Now, therefore, I, Abraham Lincoln, President of the United States of
America, in accordance with the recommendation of the Secretary of
the Treasury, do hereby declare and proclaim that the port of
Newport, in the State of Vermont, is and shall be entitled to all the
privileges in regard to the exportation of merchandise in bond to the
British North American provinces adjoining the United States, which
are extended to the ports enumerated in the seventh section of the
act of Congress of the 3d of March, 1845, aforesaid, from and after
the date of this proclamation.

In witness whereof, I have hereunto set my hand and caused the seal
of the United States to be affixed. Done at the city of Washington,
this eighteenth day of August, in the year of our Lord one thousand
eight hundred and sixty-four, and of the independence of the United
States of America, the eighty-ninth.

ABRAHAM LINCOLN.

By the President:
WILLIAM H. SEWARD, Secretary of State.

INDORSEMENT CONCERNING AN EXCHANGE OF PRISONERS, AUGUST 18, 1864.

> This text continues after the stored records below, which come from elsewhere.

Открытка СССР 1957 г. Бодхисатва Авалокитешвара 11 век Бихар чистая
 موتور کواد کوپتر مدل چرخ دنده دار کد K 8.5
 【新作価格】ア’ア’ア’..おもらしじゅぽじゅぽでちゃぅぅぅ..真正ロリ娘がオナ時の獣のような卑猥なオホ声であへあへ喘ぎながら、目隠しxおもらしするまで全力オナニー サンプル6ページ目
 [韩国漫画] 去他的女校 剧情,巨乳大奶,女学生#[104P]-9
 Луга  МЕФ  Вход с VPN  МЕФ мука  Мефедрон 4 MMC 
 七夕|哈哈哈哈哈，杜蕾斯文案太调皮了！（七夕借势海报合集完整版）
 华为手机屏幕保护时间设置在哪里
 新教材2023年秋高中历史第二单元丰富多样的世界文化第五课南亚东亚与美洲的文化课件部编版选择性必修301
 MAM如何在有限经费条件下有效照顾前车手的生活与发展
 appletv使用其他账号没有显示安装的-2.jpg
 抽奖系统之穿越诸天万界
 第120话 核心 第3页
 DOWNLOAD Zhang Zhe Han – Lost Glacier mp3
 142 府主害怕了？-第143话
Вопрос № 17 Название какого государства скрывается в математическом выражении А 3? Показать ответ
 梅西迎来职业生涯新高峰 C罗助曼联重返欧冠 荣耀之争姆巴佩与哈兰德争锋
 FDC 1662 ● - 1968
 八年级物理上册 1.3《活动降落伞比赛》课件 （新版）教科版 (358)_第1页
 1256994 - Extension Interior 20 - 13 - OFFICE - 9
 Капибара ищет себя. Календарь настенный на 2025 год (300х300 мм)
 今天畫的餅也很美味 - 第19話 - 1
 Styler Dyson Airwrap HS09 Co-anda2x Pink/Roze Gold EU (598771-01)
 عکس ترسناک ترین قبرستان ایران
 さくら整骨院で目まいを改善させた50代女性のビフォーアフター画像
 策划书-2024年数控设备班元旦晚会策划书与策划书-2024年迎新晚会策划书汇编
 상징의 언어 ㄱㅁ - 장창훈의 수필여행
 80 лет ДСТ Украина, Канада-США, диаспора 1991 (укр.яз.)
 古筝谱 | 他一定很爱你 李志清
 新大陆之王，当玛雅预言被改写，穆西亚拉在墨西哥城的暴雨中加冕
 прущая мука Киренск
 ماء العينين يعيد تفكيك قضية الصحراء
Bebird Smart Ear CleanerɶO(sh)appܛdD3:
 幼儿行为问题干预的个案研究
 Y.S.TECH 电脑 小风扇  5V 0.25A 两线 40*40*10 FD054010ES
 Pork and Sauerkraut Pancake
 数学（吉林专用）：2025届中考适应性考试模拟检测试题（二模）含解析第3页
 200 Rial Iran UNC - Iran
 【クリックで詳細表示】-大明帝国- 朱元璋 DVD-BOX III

If General Hitchcock can effect a special exchange of Thomas D.
Armesy, now under conviction as a spy, or something of the sort, and
in prison at for Major Nathan Goff, made a prisoner of war, and now
in prison at Richmond, let it be done.

A. LINCOLN.

ADDRESS TO THE 164TH OHIO REGIMENT,

AUGUST 18, 1864.

SOLDIERS:--You are about to return to your homes and your friends,
after having, as I learn, performed in camp a comparatively short
term of duty in this great contest. I am greatly obliged to you, and
to all who have come forward at the call of their country. I wish it
might be more generally and universally understood what the country
is now engaged in. We have, as all will agree, a free government,
where every man has a right to be equal with every other man. In
this great struggle, this form of government and every form of human
right is endangered if our enemies succeed. There is more involved
in this contest than is realized by every one. There is involved in
this struggle, the question whether your children and my children
shall enjoy the privileges we have enjoyed. I say this, in order to
impress upon you, if you are not already so impressed, that no small
matter should divert us from our great purpose.